Rascal has always been a dainty eater and prefers smaller pieces, he also likes to take it piece by piece and examine it


----------



## francesjl (Mar 24, 2011)

Ha Ha * uppy * kibble ! puppy !


----------



## MillieDog (Jun 1, 2011)

Millie was 5 months when I swapped her to NI. They advised that I could move her up.


----------



## S.Claire (Sep 1, 2011)

Nacho was 6 months when i transferred him to Burns Adult chicken and rice kibble and introduced him to Natures Diet x


----------



## calli.h (Aug 29, 2011)

I've been wondering the same thing, I swapped Arthur to Barking Heads puppy but he doesnt seem that keen and ive been thinking of swapping foods or moving him up to Adult, will be nice to know what others have done.


----------



## Mrs Hippiechick (Jul 26, 2011)

francesjl said:


> Probably around 8 - 10 mths, Scamp began to wolf down uppy kibble so tried adult as it was bigger and it slowed him down.
> Rascal has always been a dainty eater and prefers smaller pieces, he also likes to take it piece by piece and examine it


Archie is quite a fussy eater, but when he has something he wants to eat he generally yoffs the lot within seconds


----------



## Mrs Hippiechick (Jul 26, 2011)

francesjl said:


> Ha Ha * uppy * kibble ! puppy !


I prefer uppy kibble sounds more appealing


----------



## Mrs Hippiechick (Jul 26, 2011)

MillieDog said:


> Millie was 5 months when I swapped her to NI. They advised that I could move her up.


and did she suffer any nasty side effects from going to adult food, for example - was it a little strong for her stomach?
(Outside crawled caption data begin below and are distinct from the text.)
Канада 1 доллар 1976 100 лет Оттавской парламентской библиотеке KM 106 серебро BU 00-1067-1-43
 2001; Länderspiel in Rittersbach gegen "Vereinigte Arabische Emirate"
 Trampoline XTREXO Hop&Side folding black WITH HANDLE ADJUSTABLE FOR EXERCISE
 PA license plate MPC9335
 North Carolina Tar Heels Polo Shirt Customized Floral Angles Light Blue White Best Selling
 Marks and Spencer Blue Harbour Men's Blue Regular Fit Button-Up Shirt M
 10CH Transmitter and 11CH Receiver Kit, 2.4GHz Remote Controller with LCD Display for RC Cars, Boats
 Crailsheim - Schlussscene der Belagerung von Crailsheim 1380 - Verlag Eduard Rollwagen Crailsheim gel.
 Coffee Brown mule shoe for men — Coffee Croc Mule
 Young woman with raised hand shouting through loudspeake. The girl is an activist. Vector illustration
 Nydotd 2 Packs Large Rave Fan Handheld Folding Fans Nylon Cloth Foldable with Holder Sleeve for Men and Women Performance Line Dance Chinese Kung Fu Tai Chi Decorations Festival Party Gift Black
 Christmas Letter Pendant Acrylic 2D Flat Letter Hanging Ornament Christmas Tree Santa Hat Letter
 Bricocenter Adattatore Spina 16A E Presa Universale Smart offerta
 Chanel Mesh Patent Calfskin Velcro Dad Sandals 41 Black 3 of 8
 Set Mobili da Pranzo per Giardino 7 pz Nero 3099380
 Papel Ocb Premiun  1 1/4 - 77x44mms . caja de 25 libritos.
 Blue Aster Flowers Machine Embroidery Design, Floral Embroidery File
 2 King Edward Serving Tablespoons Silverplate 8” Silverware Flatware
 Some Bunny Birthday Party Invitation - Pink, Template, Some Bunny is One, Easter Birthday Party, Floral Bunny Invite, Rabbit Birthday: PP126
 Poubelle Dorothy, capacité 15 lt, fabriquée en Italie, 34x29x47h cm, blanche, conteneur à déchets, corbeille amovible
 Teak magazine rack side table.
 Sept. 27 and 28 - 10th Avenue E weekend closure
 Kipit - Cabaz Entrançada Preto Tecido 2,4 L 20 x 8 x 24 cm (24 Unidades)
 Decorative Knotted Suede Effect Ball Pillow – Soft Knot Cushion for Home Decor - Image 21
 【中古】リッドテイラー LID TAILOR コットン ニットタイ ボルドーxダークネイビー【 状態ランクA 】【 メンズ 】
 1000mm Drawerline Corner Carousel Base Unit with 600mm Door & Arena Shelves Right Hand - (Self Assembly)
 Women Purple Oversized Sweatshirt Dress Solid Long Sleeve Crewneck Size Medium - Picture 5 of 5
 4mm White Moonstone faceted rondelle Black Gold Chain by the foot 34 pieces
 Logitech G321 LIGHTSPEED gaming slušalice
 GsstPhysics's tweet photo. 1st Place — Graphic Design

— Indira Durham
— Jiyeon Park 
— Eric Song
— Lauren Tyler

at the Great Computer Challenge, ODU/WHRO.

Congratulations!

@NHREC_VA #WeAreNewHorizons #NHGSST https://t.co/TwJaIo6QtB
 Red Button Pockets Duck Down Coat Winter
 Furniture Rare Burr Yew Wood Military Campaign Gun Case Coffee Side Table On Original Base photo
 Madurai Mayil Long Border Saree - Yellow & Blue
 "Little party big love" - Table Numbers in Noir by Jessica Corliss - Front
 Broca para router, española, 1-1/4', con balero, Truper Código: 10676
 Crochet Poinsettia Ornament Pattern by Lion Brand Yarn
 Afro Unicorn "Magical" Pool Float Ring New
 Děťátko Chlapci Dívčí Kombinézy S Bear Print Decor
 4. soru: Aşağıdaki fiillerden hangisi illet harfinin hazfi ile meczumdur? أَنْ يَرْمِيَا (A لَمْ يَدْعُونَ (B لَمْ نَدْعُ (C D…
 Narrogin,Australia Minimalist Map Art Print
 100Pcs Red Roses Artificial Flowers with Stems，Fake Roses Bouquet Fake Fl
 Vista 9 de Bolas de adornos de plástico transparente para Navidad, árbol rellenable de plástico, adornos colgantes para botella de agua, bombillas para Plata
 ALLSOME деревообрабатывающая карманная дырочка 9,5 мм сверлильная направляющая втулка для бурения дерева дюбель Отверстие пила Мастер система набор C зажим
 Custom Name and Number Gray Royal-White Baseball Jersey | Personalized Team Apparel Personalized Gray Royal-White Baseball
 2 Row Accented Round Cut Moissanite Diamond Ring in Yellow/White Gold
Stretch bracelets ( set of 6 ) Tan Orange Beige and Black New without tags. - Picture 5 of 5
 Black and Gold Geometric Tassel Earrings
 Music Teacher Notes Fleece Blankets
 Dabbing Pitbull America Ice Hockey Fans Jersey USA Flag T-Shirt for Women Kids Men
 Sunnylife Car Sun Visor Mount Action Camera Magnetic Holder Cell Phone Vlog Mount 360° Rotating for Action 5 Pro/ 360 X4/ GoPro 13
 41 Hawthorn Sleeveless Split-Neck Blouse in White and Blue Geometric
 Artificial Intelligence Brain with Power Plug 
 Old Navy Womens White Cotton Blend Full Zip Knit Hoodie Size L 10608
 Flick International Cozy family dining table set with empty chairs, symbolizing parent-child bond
I worry that by moving Archie up, adult food might be a little too strong for him .. I worry over the tiniest things with my fur baby


----------



## Mrs Hippiechick (Jul 26, 2011)

S.Claire said:


> Nacho was 6 months when i transferred him to Burns Adult chicken and rice kibble and introduced him to Natures Diet x


I like the sound of the Natures Diet, our local pet store sell it so I might give my little fella a go with it  x


----------



## Mrs Hippiechick (Jul 26, 2011)

calli.h said:


> I've been wondering the same thing, I swapped Arthur to Barking Heads puppy but he doesnt seem that keen and ive been thinking of swapping foods or moving him up to Adult, will be nice to know what others have done.


Archie seems to be less interested in dry food if I'm honest. Is there anything about them having just a wet food diet? In terms of ensuring it has everything they need, veg, minerals, carbs etc?


----------



## Laura(L)Izzie (Sep 9, 2011)

Poppy has been eating bits of Izzies since we brought her home lol, Izzie was probably around 6 months, but can't quite remember.


----------



## calli.h (Aug 29, 2011)

Mrs Hippiechick said:


> Archie seems to be less interested in dry food if I'm honest. Is there anything about them having just a wet food diet? In terms of ensuring it has everything they need, veg, minerals, carbs etc?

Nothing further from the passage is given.